There's a tendancy to celebrate literary drinkers,
like Scott Fitzgerald or Dorothy Parker, thinking that their imagination was
somehow sparked by intoxication, but Laura talks about her own heavy drinking
as a way of blotting out the pressure she feels to write. Do you think there's
a misunderstanding about the relationship between creativity and alcohol?
I do think it’s a fairly
dangerous Romantic myth to say intoxicants make you a better or
somehow more interesting writer, akin to the one linking genius with
madness. Speaking for myself, and every writer I’ve asked, you can’t write well
drunk. You might think you’re writing well while you’re drunk, but then
you’re going to read it back sober and want to gnaw your own hands off. I’m in
kind of revolted awe when I read Hunter S Thompson’s daily diet – have you seen
that? Getting up at 3pm, then it’s all coke and acid and Chival and
cheeseburgers until the punchline, at midnight: ‘Hunter ready to write’. It
can’t be true. But if anyone was going to make that work, it’d be him. And I
suppose it’s about what alcohol does for you personally – for me, it’s far more
about shutting down parts of my brain rather than sparking them up. I drink to
calm down not giddy up. I’m giddy enough. I smoke when I’m writing but that’s
about it. As soon as I have a glass of wine it’s game over, so I have to be
strict about when I start. It’s such a nice idea though, isn’t it? To sit with
a glass of something, leisurely tapping out fine prose. Such a nice idea.
No, I think it’s the
human condition. The arena of fear changes shape – in Animals, for
example, disgracing yourself on the internet is a thing – but public disgrace
and judgment has been around as long as there’s been a public. What I do think
is relatively new (and I say ‘relatively’ tentatively because there will always
be historical exceptions) is women being able to publicly judge their own lives
on their own merits, or at least see how they can’t do that and get angry about
it.
Where did the idea for Laura's novel-in-progress
Bacon (the story of a priest who falls in love with a talking pig) come from?
Haha – oh dear. That’s me
taking the piss out of myself, I’m afraid. And my first novel. And magic
realism. Which I love.
What's your writing routine like? Do you have any
favourite places, or music to write to?
I try and do it every day
because it helps me stay involved in the story, and there’s a lot to be said
for sitting yourself down and just forcing yourself to write whether you feel
like it or not. I don’t think I’ve ever suffered from proper writer’s block, or
rather I have something like it every time I sit down, but I don’t want to do
anything else (and can’t do much else) so I’m just being a dick if I don’t get
on with it. Redrafting is my saviour. I redrafted the first two books many
times. The main thing is getting to the end of something so you can see some
sort of shape. I need deadlines desperately, even if I set them myself. I write
at home mostly, but I also like writing in cafes, libraries, hotels, and on
trains. I take myself away for two weeks every October on my own in a campervan
– it’s like a desk on wheels; I can’t recommend it highly enough. Rent one of
the transit-van ones, not one of those daft trendy VW ones you can’t stand up
in. And campsites are crazily strange places, especially out of season.

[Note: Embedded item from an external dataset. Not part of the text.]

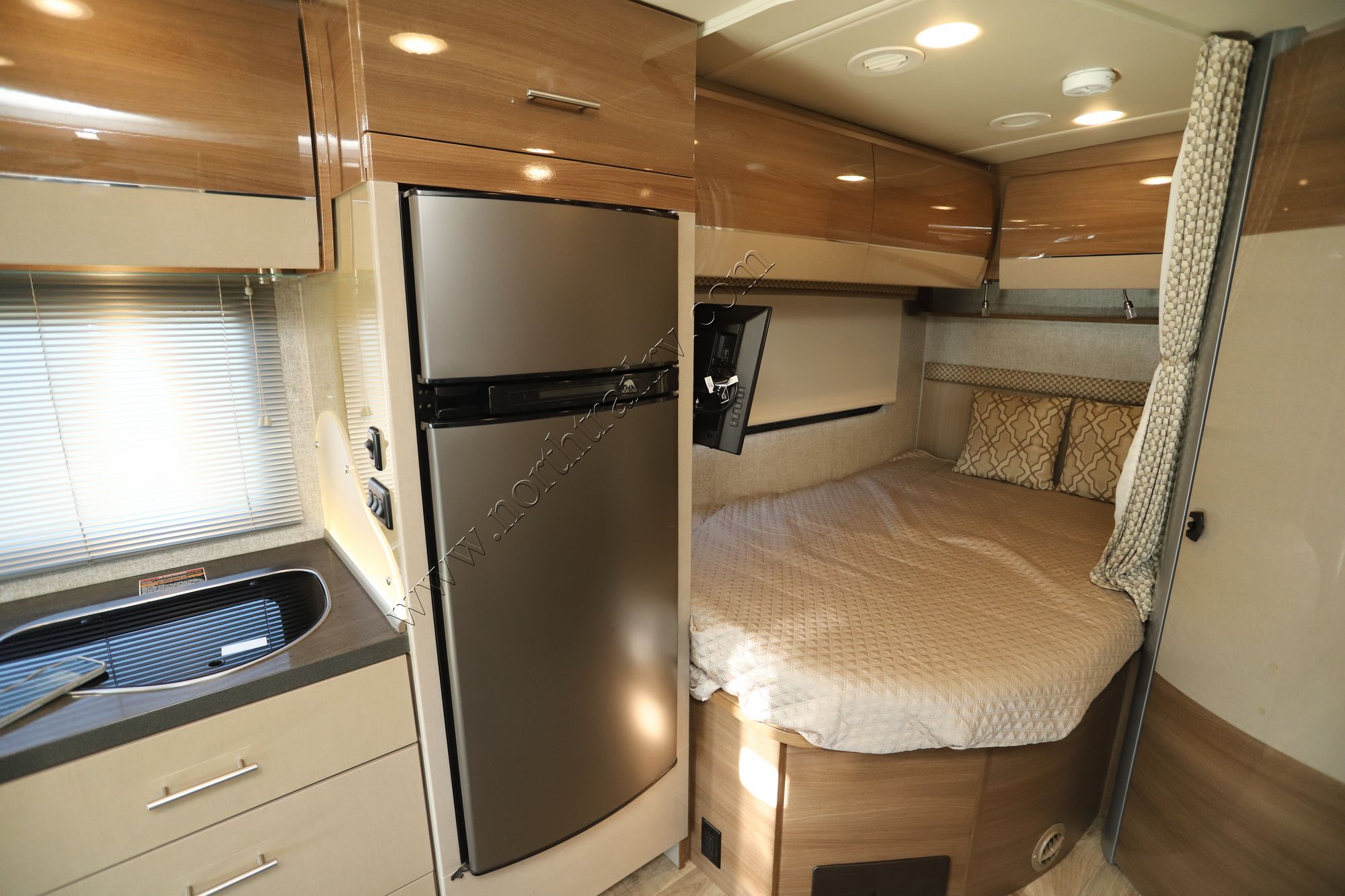 Used 2017 Winnebago Navion 24J Class C  For Sale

Campsite bars are even stranger.
Which modern authors do you enjoy reading?
Recently I really enjoyed
Clay by Melissa Harrison. It’s about the unexpected wildlife you find in
urban areas. It’s a very lyrical book with a deep, muscular violence running
through it. I’m a naturalist who loves cities so was really moved by how much
the characters glean from their discoveries.
What are you working on next?
Funnily enough, a novel
set in a campervan. It’s another dark comedy – this time about teenage
obsession, completely ruining your life in 48 hours on MDMA, and stalking
someone who wronged you 20 years ago. No really, it’s a comedy.